The Firm of Girdlestone eBook

This eBook from the Gutenberg Project consists of approximately 517 pages of information about The Firm of Girdlestone.

The Firm of Girdlestone eBook

This eBook from the Gutenberg Project consists of approximately 517 pages of information about The Firm of Girdlestone.

He wrote again about a fortnight afterwards, and his letter, as it crossed the Atlantic, passed the outward mail, which bore the news of the wonderful diamond find made by an English geologist among the Ural Mountains.

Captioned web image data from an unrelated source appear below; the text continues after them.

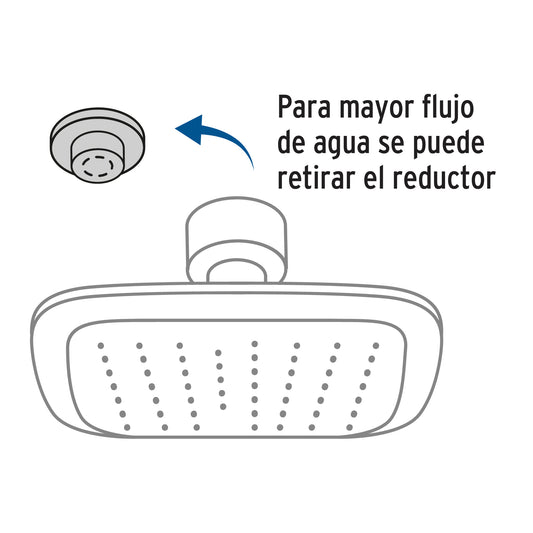 Regadera Cuadrada 3-3/4" Negra FOSET BASIC - Brazo y Chapetón para Baño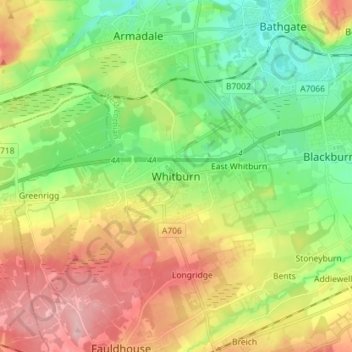 Whitburn topographic map, elevation, terrain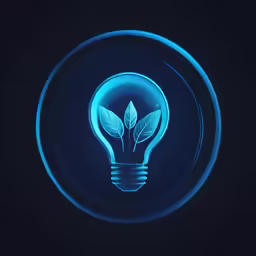 a neon blue illuminated light bulb on a black background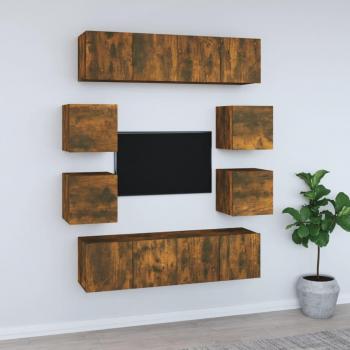 Vidaxl 8-tlg. Tv-schrank-set Räuchereiche Holzwerkstoff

“I am now on a tour among the camps,” he said.  “I have worked right through from Hebron to Klipdrift, Pniel, Cawood’s Hope, Waldeck’s Plant, Neukirk’s Hope, Winterrush, and Bluejacket.  To-morrow I push on to Delparte’s Hope and Larkin’s Flat.  I am well received wherever I go, except by the dealers, who are mostly German Jews.  They hear that I am a London capitalist, and fear that I may send up the prices.  They little know!  I bought stones all the way along, but not very valuable ones, for we must husband our resources.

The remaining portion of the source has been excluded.